Tender perennials are an integral part of many home landscapes in the Midwest. Most have a long blooming period and put on excellent displays of color until it freezes in the fall. The biggest problem with tender perennials is that they will not survive Iowa’s harsh winter weather if left outdoors. The following tender perennials should be dug in the fall and stored indoors until spring graces our doorsteps once again.

Tuberous begonias (Begonia xtuberhybrida) come in a wide assortment of colors and types. Some of the flower forms include camellia, cascade, carnation, picotee and non-stop series. Container-grown plants can be brought indoors for winter enjoyment. Those tubers left outside should be dug after a killing frost. To properly condition the tubers for storage, place them in a warm, dry location for approximately two weeks. Then bury the tubers in a box or sack filled with sphagnum moss or vermiculite. Store them in a cool, dry location.

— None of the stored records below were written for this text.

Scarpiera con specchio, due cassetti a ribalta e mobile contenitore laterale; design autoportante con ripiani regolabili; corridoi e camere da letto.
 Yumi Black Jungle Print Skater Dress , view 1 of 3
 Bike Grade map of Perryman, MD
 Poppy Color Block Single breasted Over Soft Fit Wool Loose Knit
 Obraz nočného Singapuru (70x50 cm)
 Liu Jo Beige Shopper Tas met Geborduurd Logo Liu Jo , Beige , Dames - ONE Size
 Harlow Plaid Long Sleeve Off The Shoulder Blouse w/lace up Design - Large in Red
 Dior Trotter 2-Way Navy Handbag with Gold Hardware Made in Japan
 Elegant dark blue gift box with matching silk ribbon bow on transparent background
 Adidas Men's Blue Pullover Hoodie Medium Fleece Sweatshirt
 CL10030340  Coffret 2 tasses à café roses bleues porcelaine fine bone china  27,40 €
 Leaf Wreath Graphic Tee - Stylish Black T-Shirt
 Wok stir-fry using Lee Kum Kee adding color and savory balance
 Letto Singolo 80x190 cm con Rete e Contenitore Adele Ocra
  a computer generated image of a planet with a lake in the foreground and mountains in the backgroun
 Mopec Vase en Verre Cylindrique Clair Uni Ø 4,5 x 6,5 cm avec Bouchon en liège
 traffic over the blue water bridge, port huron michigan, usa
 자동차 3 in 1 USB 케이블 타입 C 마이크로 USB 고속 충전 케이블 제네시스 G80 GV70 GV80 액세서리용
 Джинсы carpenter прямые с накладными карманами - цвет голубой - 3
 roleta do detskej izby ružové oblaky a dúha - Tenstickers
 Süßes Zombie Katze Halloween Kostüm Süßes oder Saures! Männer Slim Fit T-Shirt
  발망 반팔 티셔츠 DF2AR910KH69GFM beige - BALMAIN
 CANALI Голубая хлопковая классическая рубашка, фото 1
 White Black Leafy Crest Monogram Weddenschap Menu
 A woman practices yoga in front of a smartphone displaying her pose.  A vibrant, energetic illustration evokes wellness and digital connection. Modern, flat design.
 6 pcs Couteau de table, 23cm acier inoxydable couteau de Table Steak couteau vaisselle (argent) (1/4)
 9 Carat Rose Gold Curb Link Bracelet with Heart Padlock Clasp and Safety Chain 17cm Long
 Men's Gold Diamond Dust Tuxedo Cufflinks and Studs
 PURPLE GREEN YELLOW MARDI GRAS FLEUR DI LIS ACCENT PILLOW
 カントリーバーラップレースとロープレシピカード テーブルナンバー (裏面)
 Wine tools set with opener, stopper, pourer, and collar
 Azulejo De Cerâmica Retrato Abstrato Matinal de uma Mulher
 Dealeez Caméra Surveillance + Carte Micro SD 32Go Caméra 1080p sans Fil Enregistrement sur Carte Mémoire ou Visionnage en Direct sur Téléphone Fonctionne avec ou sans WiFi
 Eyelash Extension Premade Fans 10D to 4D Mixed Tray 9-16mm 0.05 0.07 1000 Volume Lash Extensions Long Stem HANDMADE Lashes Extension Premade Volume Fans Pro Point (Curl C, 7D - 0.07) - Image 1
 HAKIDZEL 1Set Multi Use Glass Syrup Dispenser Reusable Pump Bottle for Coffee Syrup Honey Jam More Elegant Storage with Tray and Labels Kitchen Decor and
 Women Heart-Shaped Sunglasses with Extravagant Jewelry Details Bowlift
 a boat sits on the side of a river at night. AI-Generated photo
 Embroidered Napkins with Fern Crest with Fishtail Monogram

Caladium (Caladium xhortulanum) is a great plant in the shade. The caladium is grown for its colorful foliage rather than its flowers. When the foliage dies back in the fall, carefully lift the tubers out of the soil and find a warm, dry place to cure them. Typically the process is complete in two weeks. Store the tubers in dry sand, vermiculite or sphagnum moss in a cool (50 F), frost-free area.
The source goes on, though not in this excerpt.